> **WORK INSTRUCTIONS**: Return each record verbatim, images excluded.

====================

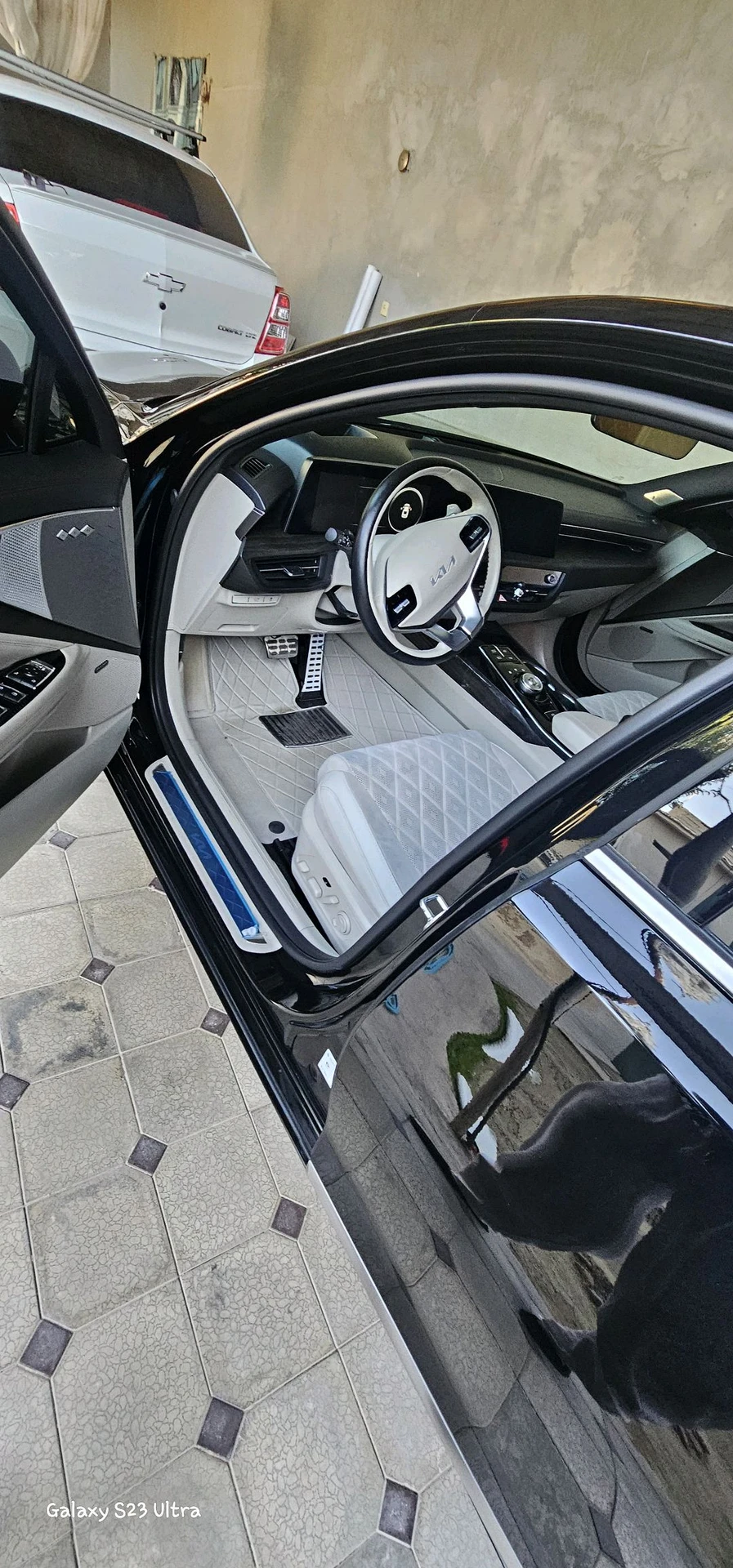 Kia K8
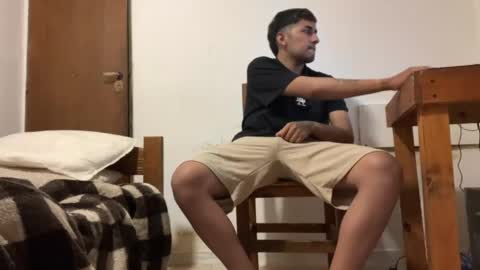 Snapshot of y0ungwithbrowndick chatting on 9, 4, 2026 BROWN DICK online show from 9, 4, 2026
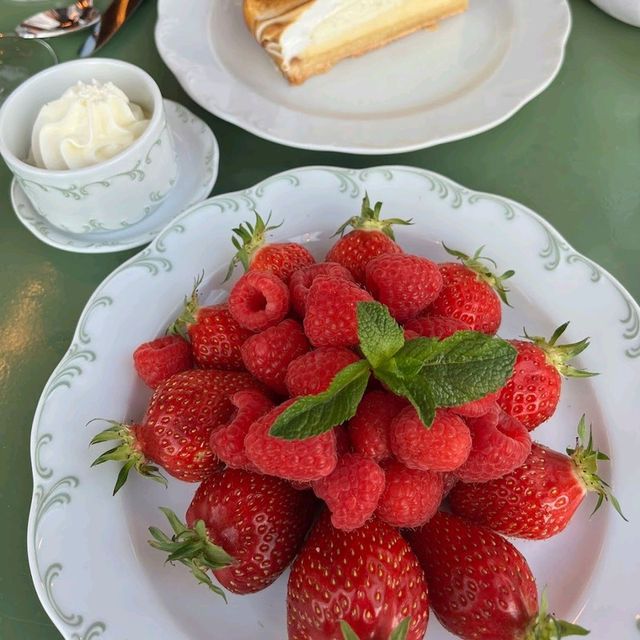Amazing service and food by the seine river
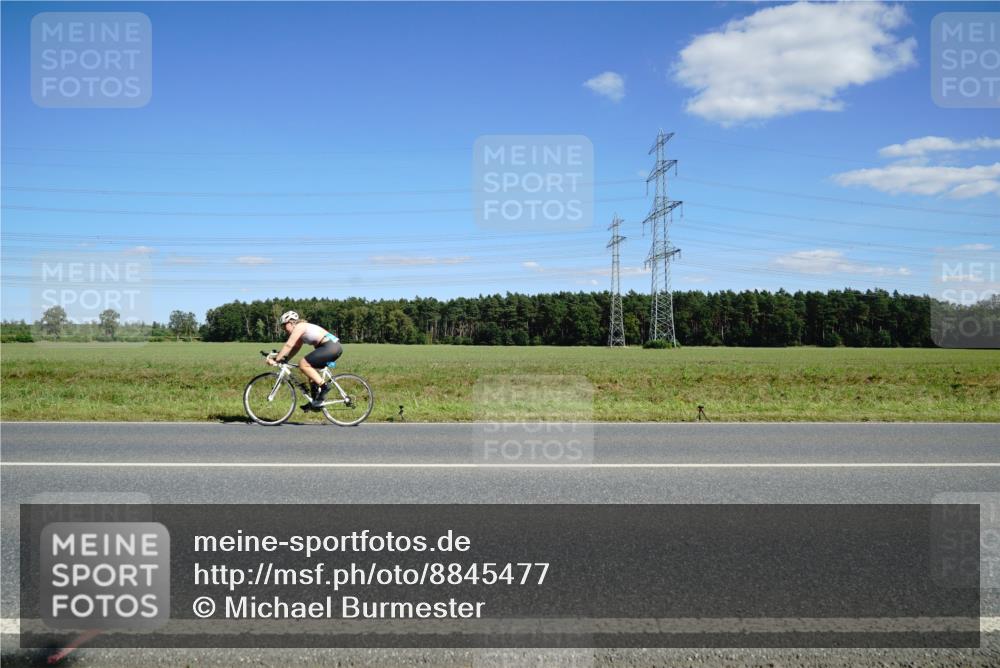 07.09.2025 - 19. Norderstedt Triathlon Michael Burmester http://msf.ph/oto/8845477 07.09.2025 15:01:21 Radfahren 1485 meine-sportfotos.de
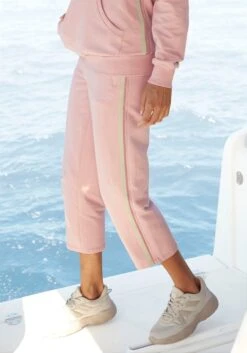 Bench. Relax-Caprihose, Mit Glitzerstreifen -Bikini Mode Geschaft 144e88a7af3b28db78291b56f205cd6e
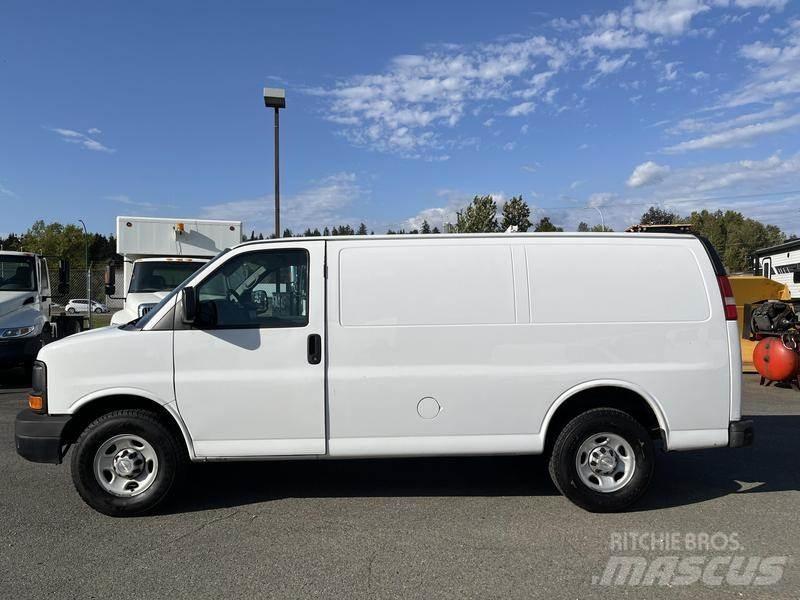 Chevrolet Express شاحنة مقفلة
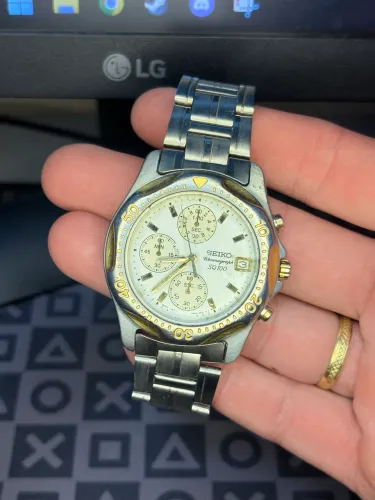 Seiko SQ100 Cronograph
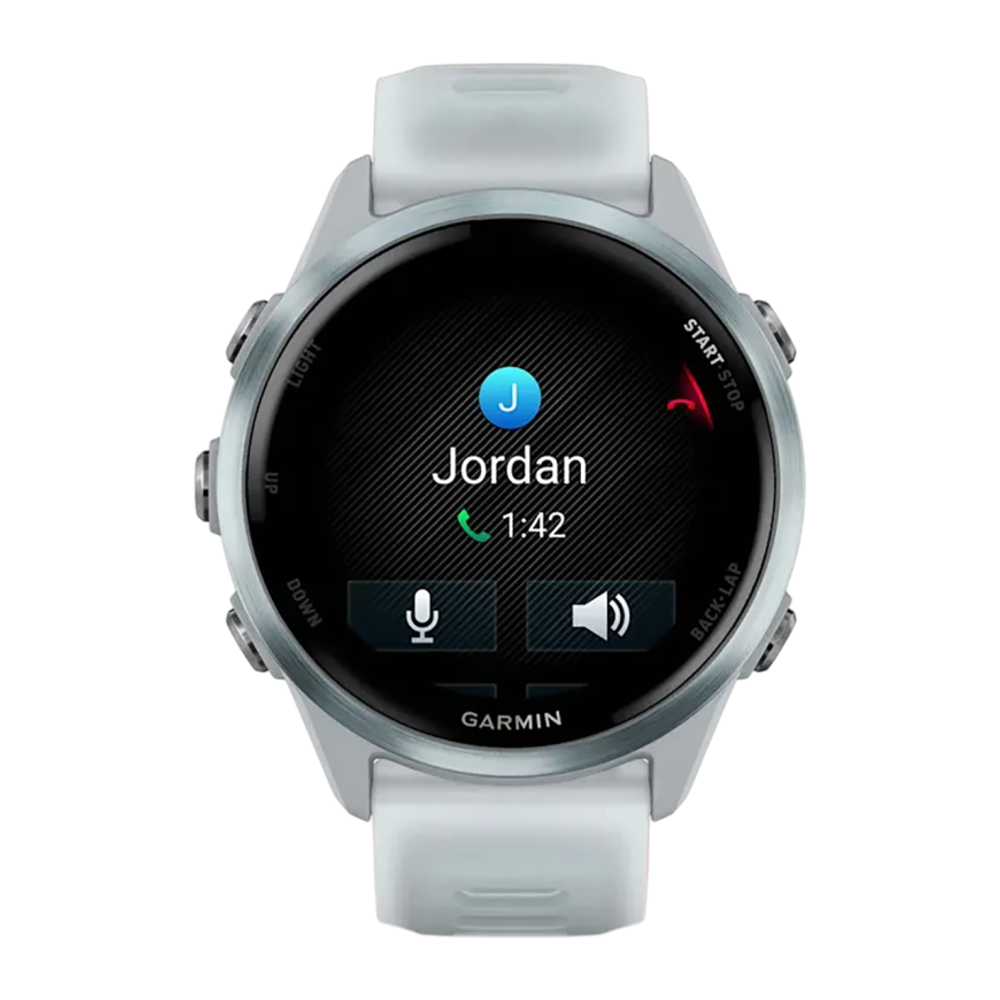 Спортивные часы Garmin Forerunner 570, 42 мм, силиконовый ремешок цвета «полупрозрачный серый»/дымчато-голубой Дымчато-голубой алюминиевый безель, AMOLED-дисплей с Gorilla Glass 3. Ремешок с классической застёжкой — на запястье обхватом 115–178 мм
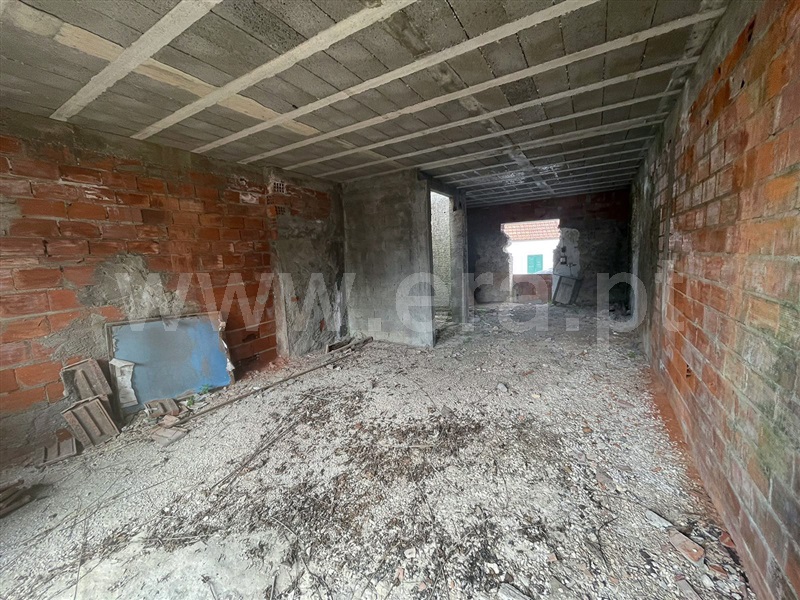 Moradia T1 à venda em Azoia de Cima e Tremês, Santarém — foto 2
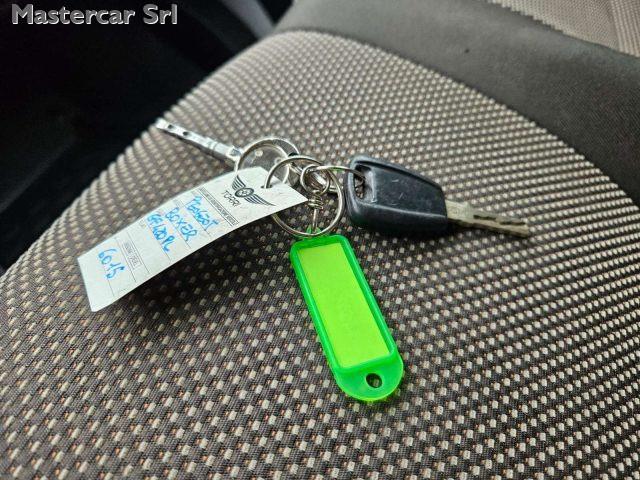 PEUGEOT Boxer 330 L2H2 2.2 BlueHDi 140cv - GF420PL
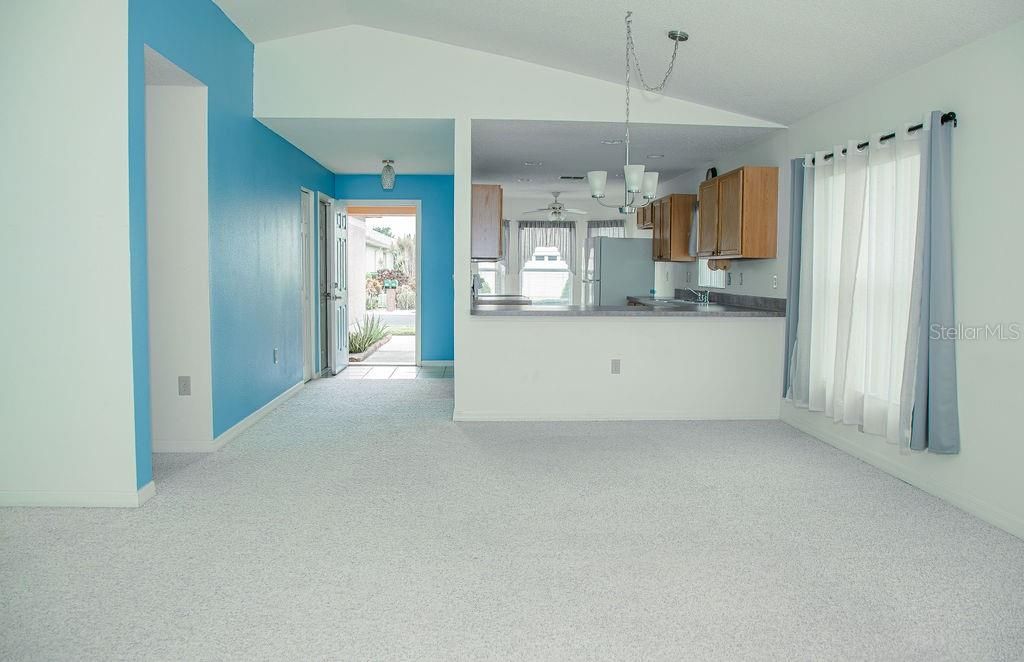 For Sale: $229,900 (2 beds, 2 baths, 1321 Square Feet)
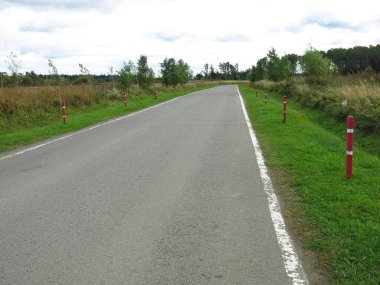 Yazın sakin düz asfalt yol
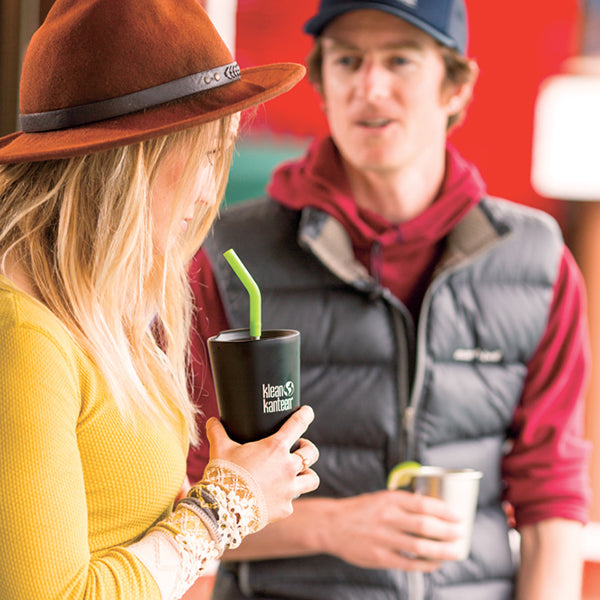 tumbler-straw-lid-with-straw-c2 K16VSSC-SB-guy-girl_style_9a499e23-5b7a-4a0d-b42e-d1b4b02627b2.jpg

====================

> **THE ANSWER**:
 Kia K8
 Snapshot of y0ungwithbrowndick chatting on 9, 4, 2026 BROWN DICK online show from 9, 4, 2026
Amazing service and food by the seine river
 07.09.2025 - 19. Norderstedt Triathlon Michael Burmester http://msf.ph/oto/8845477 07.09.2025 15:01:21 Radfahren 1485 meine-sportfotos.de
 Bench. Relax-Caprihose, Mit Glitzerstreifen -Bikini Mode Geschaft 144e88a7af3b28db78291b56f205cd6e
 Chevrolet Express شاحنة مقفلة
 Seiko SQ100 Cronograph
 Спортивные часы Garmin Forerunner 570, 42 мм, силиконовый ремешок цвета «полупрозрачный серый»/дымчато-голубой Дымчато-голубой алюминиевый безель, AMOLED-дисплей с Gorilla Glass 3. Ремешок с классической застёжкой — на запястье обхватом 115–178 мм
 Moradia T1 à venda em Azoia de Cima e Tremês, Santarém — foto 2
 PEUGEOT Boxer 330 L2H2 2.2 BlueHDi 140cv - GF420PL
 For Sale: $229,900 (2 beds, 2 baths, 1321 Square Feet)
 Yazın sakin düz asfalt yol
 tumbler-straw-lid-with-straw-c2 K16VSSC-SB-guy-girl_style_9a499e23-5b7a-4a0d-b42e-d1b4b02627b2.jpg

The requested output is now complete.